PB- Por que você situou a história em San Francisco ?

AH- O fator-chave em toda a história era a torre da igreja, ligada ao assassinato. E a igreja precisava despertar algum interesse, deveria ser um lugar visitado, ao mesmo tempo que deveria se situar num lugar remoto, de modo a permitir que o assassinato fosse cometido confortavelmente e, digamos, sem interrupções. Mas nos Estados Unidos não existem igrejas nas pequenas cidades, como existem na França- originalmente, a história era um romance francês chamado From among the dead-, e sim antigas missões. Eu sabia da existência de San Juan Batista, perto de San Francisco, e em certo período a igreja possuiu uma pequena torre, embora hoje não exista mais. Por isso, filmamos lá e depois montamos o resto contra esse fundo.

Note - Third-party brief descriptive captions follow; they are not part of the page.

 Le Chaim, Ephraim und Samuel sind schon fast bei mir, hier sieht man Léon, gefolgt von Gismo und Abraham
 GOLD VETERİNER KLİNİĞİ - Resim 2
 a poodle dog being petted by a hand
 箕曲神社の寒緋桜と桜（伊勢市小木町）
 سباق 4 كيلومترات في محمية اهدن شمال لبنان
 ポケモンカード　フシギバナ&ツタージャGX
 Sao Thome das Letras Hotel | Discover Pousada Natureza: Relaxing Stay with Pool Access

Há um detalhe muito interessante a respeito daquela casa em que ele enxerga a garota na janela. A mulher que toca a casa- o papel de Ellen Corby- foi copiada de forma exata de uma pessoa real. Ela tinha alguns inquilinos e costumava se instalar em casas que, daí a um ano, seriam derrubadas. Quando o aviso da demolição vencia, ela se mudava com os seus inquilinos. Desse modo, ela conseguia baratear o aluguel e outras coisas. Um expediente interessante esse de mudar de lugar.

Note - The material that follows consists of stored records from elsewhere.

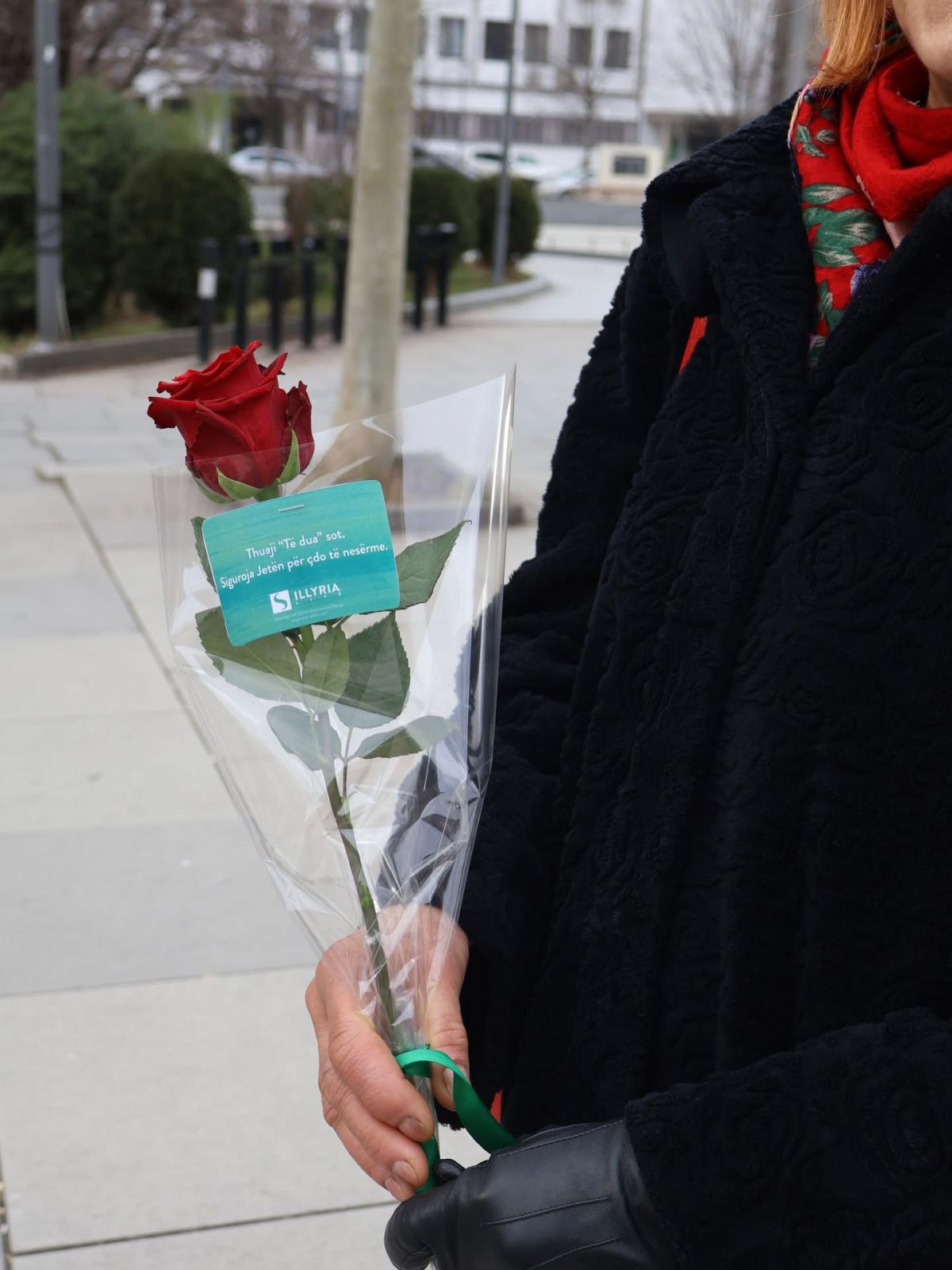Shen Valentini2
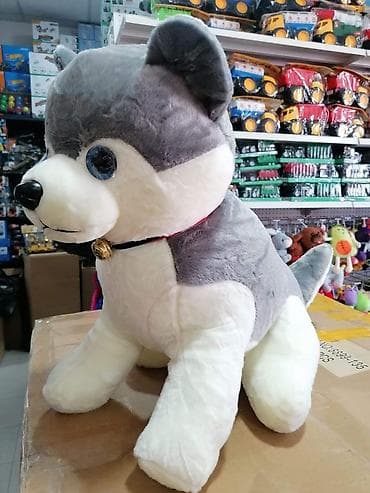 Velike kuce
60cm at lalafo.rs — 5 Velike kuce
60cm — 5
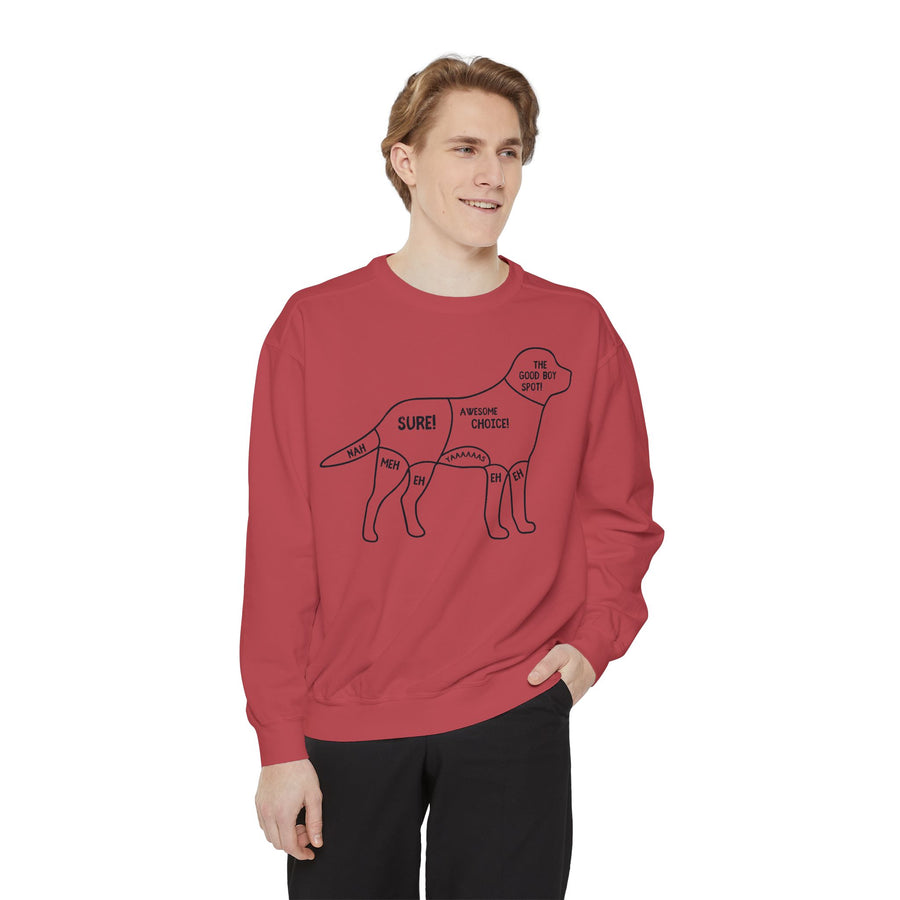 Pet Anatomy Sweatshirt, Unisex Cozy Top, Dog Lover Gift, Funny Animal Apparel, Casual Sweatshirt, Gift for Dog Owners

PB- Na verdade, é a tragédia de um homem que se apaixona por uma ilusão, não é ? E perde duas vezes. O fato de Kim Novak ser uma garota bastante comum torna ainda mais dolorido o fato de ele ficar obcecado pela ilusão.

AH- Certamente.

PB- No final há um momento muito tocante, em que ele diz: “Eu a amei tanto, Madeleine”, pouco antes de ela morrer. Creio que foi um dos melhores desempenhos de Stewart.

AH- Ah, sim.

PB- De modo geral, qual é a sua técnica em lidar com os atores ?

AH- Eu não os dirijo. Falo com eles e explico o que a cena representa, qual é o objetivo, por que eles estão fazendo certas coisas- porque eles se ligam ao argumento, e não à cena. A cena se relaciona com a história, e aquele momento faz isto ou aquilo pela história.

Como tentei explicar a Kim Novak em Vertigo, “você está mostrando um monte de emoções no rosto. Não quero nada disso. Quero que o seu rosto mostre apenas aquilo que queremos contar ao público- aquilo em que você está pensando”. Disse-lhe: “Deixe-me explicar. Se você mostrar muitas emoções redundantes no rosto, é como pegar uma folha de papel e escrever em toda ela- encher o papel com muitas escritas. Mas você quer escrever uma frase para que alguém leia. Se há muitas coisas escritas, o público não consegue ler. É muito mais fácil ler se a olha de papel estiver vazia. É assim que o rosto deve estar quando precisarmos mostrar uma expressão”.